▶ Problem to solve:
Please repeat nothing except the lines from the one containing "Modul haion Ford C-MAX" through the end of the records, exactly and without pictures.

▶ Exercise input:
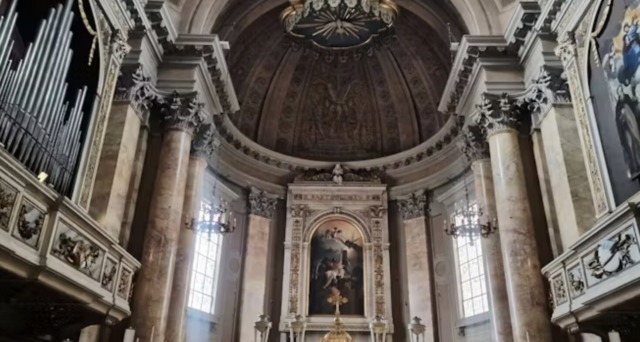 Parrocchia San Bartolomeo Apostolo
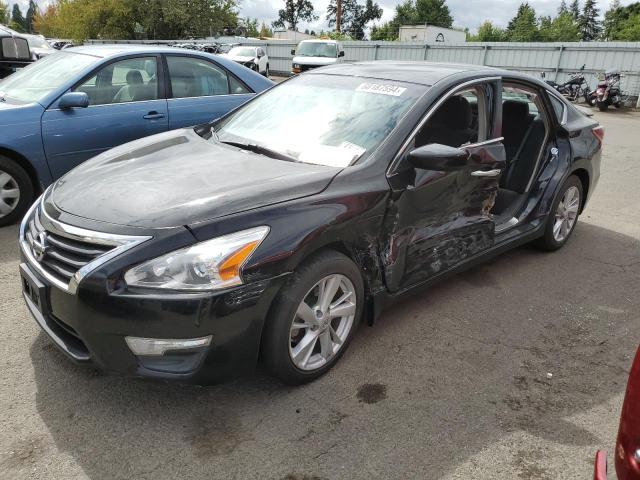 nissan altima 2.5 2013 1n4al3ap3dc298238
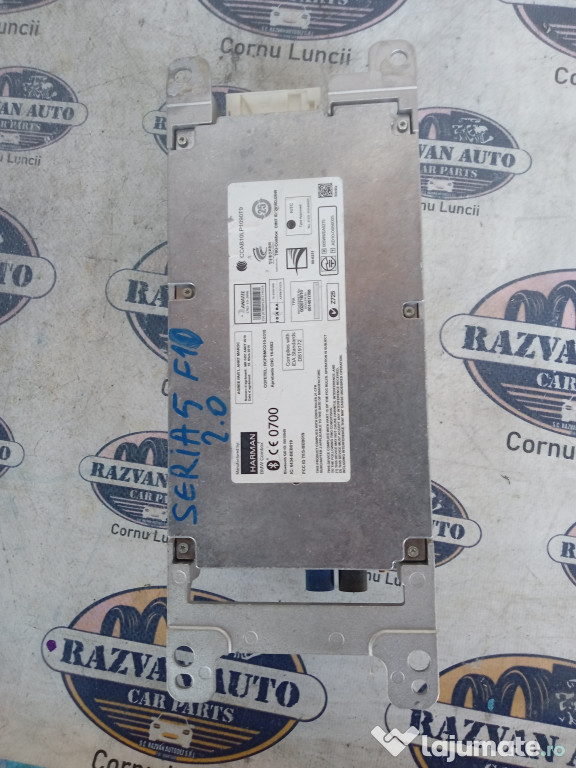 Modul haion Ford C-MAX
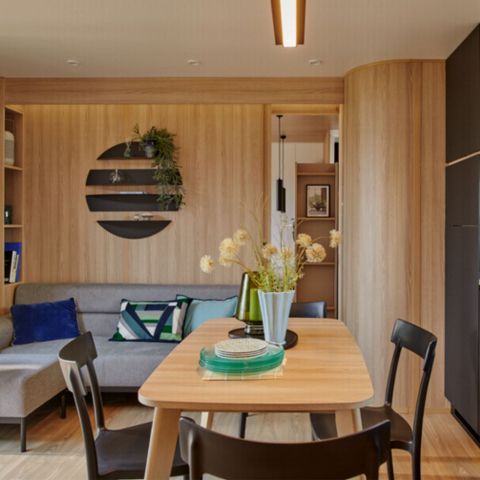 Mobile home 6 persons - TAOS 6P 2025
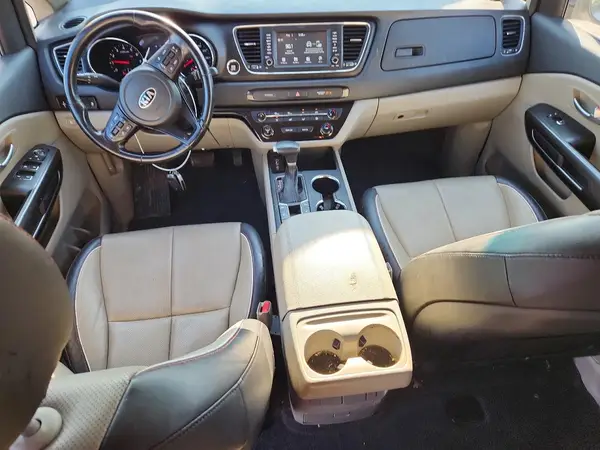 KNDMB5C16L6577873 2020 KIA SEDONA - Image 8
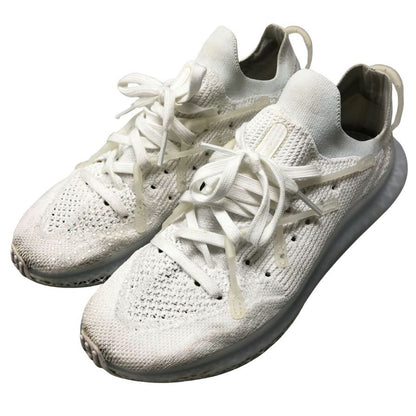 アディダス スニーカー フュージオ 4D GZ7885 メンズ サイズ27cm ホワイト adidas 約27.0cm【AFC8】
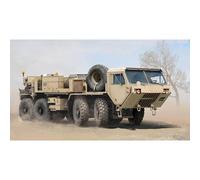 Trumpeter 01083 M984A2 HEMTT Wrecker 1:35 Plastic Model Kit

▶ Your solution:
 Modul haion Ford C-MAX
 Mobile home 6 persons - TAOS 6P 2025
 KNDMB5C16L6577873 2020 KIA SEDONA - Image 8
 アディダス スニーカー フュージオ 4D GZ7885 メンズ サイズ27cm ホワイト adidas 約27.0cm【AFC8】
 Trumpeter 01083 M984A2 HEMTT Wrecker 1:35 Plastic Model Kit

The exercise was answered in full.